Mr Reginald Charles Coleridge was born in Teignmouth, Devon, England in the second half of 1883.
He was the son of Charles Cotton Coleridge (b. 1856), a cabinet maker, and Nancy Wescott (b. 1857), both Devon natives who had married in 1880. The eldest of three children, Reginald had two sisters: Frances May (b. 1892) and Edith (b. 1893) who had both been born in Norfolk where Reginald seems to have spent a great portion of his life. His mother died in 1900.
Reginald and his father appear on the 1901 census living at 22 Park Road, Walsoken, Norfolk and his father and sisters on the 1911 census living at 5 Park Road in the same district. Reginald attended Walsoken Boys' School.
Reginald moved to Hartford, Huntingdonshire, although it is believed he worked in London. He became very active in the Boy Scouts movement. In February 1908 he became the first scoutmaster of the 1st Hunts (Hartford) Scout Group, only the fourth Scout group. He was pictured in Scout's uniform with the inaugural members and Rev. Alexander Chorley Crosfield, the vicar of Hartford.
In a 1910 article and in the 1911 census he was shown as living at Hartford vicarage with the Rev. Crosfield1,2. In the census Reginald was described as an incorporated advertising consultant.
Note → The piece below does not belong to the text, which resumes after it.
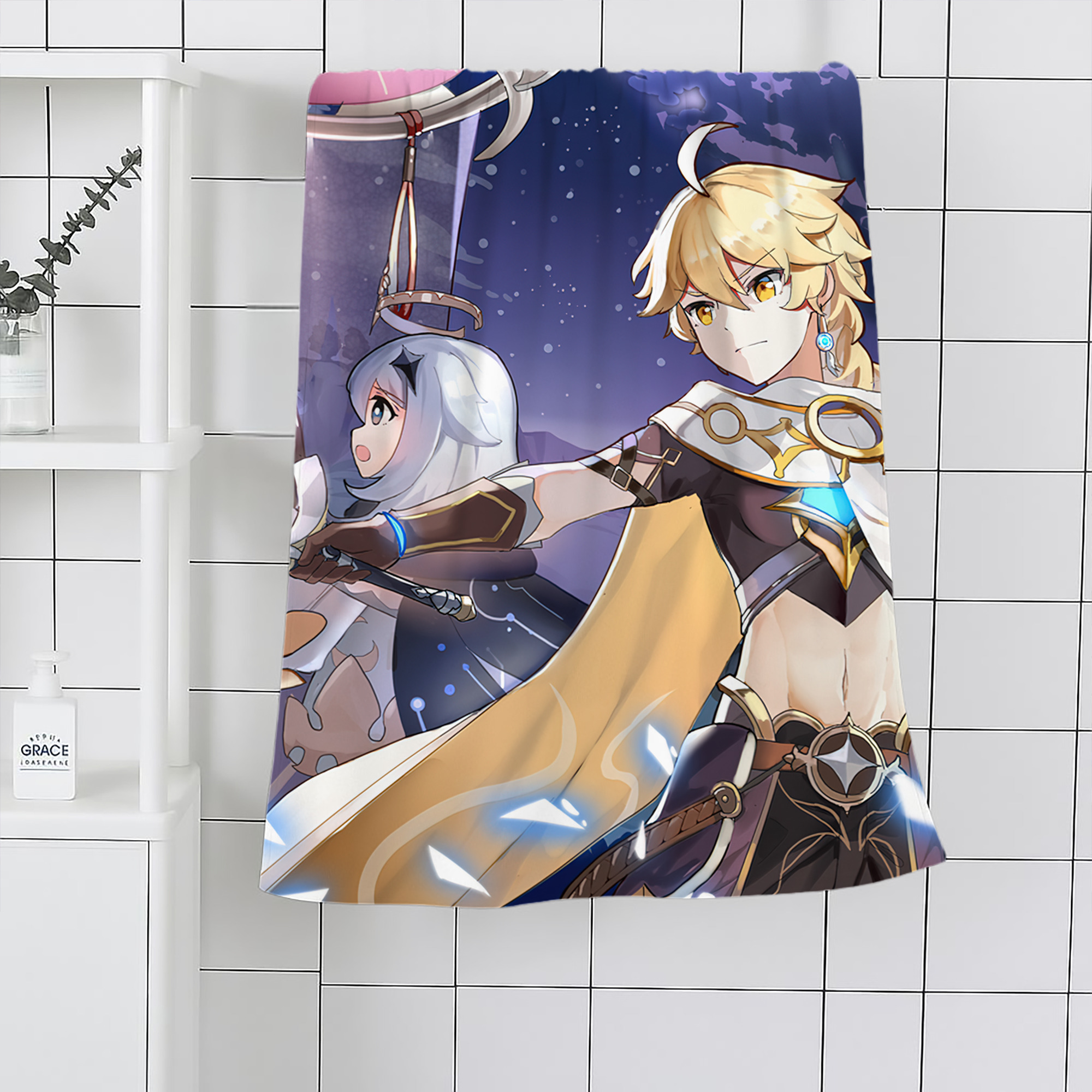 げんし神 genshin 大判バスタオル 70×140cm 吸水速乾 柔らかい肌触り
Coleridge had been due to travel to America on another steamer but had his passage transferred to the Titanic as a result of the coal strike. He was en route to Detroit, Michigan on business, with a holiday planned in Canada afterward with Crosfield. He boarded the Titanic at Southampton as a second class passenger (ticket number 14263, which cost £10, 10s).
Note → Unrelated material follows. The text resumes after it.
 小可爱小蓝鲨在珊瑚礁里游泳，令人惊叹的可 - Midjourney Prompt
While approaching Queenstown he wrote a letter to his father:
We are very comfortable indeed – there is nothing wanting, except the use of the gymnasium and swimming bath, which is restricted to first-class passengers. The sea is rather rough for small boats, but our great ship towers so high out of the water that the sea looks quite flat and calm. She rises and sinks hardly at all, and the only noticeable sensation is the jelly-like quivering caused by the ceaseless throbbing of the engines. I have had a jolly warm sea-water bath this morning, and am presently going on deck to us enter Queenstown. - Peterborough Standard, 20 April 1912, Passenger from Hartford
Coleridge was lost in the sinking and his body, if recovered, was never identified. Crosfield only learned of Coleridge's fate when he arrived in Nova Scotia a few days after the disaster. He immediately abandoned his holiday plans and returned home on the same vessel.
His estate, valued at £455, 14s, 7d, was administered to Reverend Crosfield on 10 June 1912.
Reginald is remembered on a tablet in All Saints Church, Hartford, Huntingdon, Cambridgeshire and by a silver cruet and communion flagon, now in the care of the Fitzwilliam Museum in Cambridge.
Reginald's father, Charles, died in London in 1929.